Troubleshooting SQL server I/O performance with SAP - Identify rogue transactions



By Dmitry Gorbatov for Beyond The Blocks - Wednesday, March 15, 2017

BLOG_SQL_Header.jpg
Use a SQL query to detect rogue transactions - Read the full story below

Slowly working report in a small company may be acceptable if its occurrence is occasional, but in a large enterprise, any degradation in performance while executing a database query or running a report is not welcome. As it is of high risk to affect a revenue generating application that could ultimately impact the business.

Such performance problems due to I/O bottlenecks are not acceptable and must be eliminated as quickly as possible.

System administrators know where to look – storage subsystems, network, and servers are investigated to find the root cause of slow performance. It is not uncommon to blame a storage array for performance issues.

"Not so fast…" Storage vendors are the first ones to be called to the rescue regardless of where the issue lies on.

Storage is not always the reason for poor performance. Storage systems are getting faster, bulking up on capacity and add-on features every cycle. Every storage vendor is talking about the speed of their solution. Some say it is all about low latency. Some say it is all about high throughput.

There is no argument that the newest media technologies helped to improve the overall storage subsystem performance. But even the fastest media can suffer and not deliver optimal performance if the application accessing it is poorly designed or written.

In this blog post, I want to share my recent experience with one of our customers running a heavy-duty SAP environment on physical Windows servers.

Hopefully, other customers and even vendors can benefit and learn from it.

Environment - SAP on MS SQL server 2008

The main application in the environment is SAP running on Microsoft SQL Server 2008. Overall the environment can be considered dated or even ancient.

All servers are physical Dell or HP running MS Windows Server 2008 R2. SQL version is 2008 SP1 CU1. Up until recently the storage system they used was Dell Compellent. There are two servers in MSCS configuration for production databases. There is a total of 7 production databases all located on the same D:\ drive (LUN).

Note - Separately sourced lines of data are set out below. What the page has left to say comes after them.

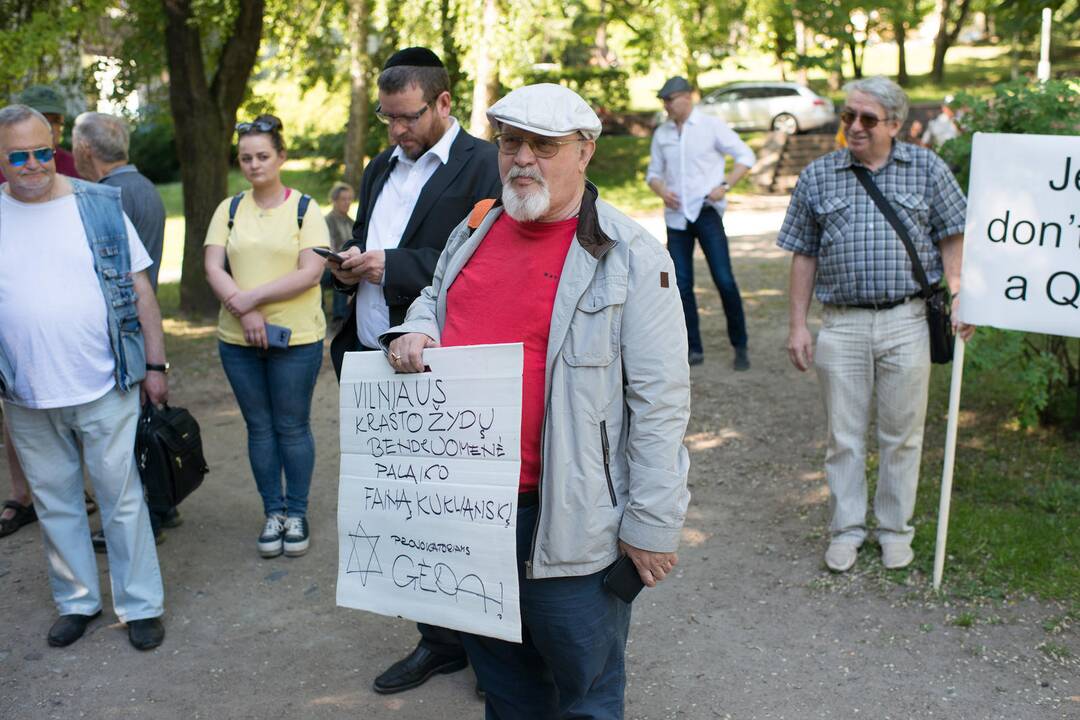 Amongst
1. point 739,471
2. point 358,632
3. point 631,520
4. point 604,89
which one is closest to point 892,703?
point 631,520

Logs are stored on an independent LUN; QA and DEV are on separate dedicated servers.

It was curious to see the disk drives on Compellent were failing at an alarming rate – 2 to 3 a week!. This number is way outside of acceptable range. Dell Compellent was pegged at 12,000 IOPs and 750-800 Mb/s throughput. Latency was ranging from 5 to 20ms with spikes up to 100ms.

The Dell Compellent used ten dedicated “high performance” SSDs just for SAP.

Certain SAP queries are made directly to the production databases, and if multiple users were attempting to run reports at the same time, the environment would come to a screeching halt. When the customer made his decision to go with Reduxio HX550, the expectation was that it would be faster.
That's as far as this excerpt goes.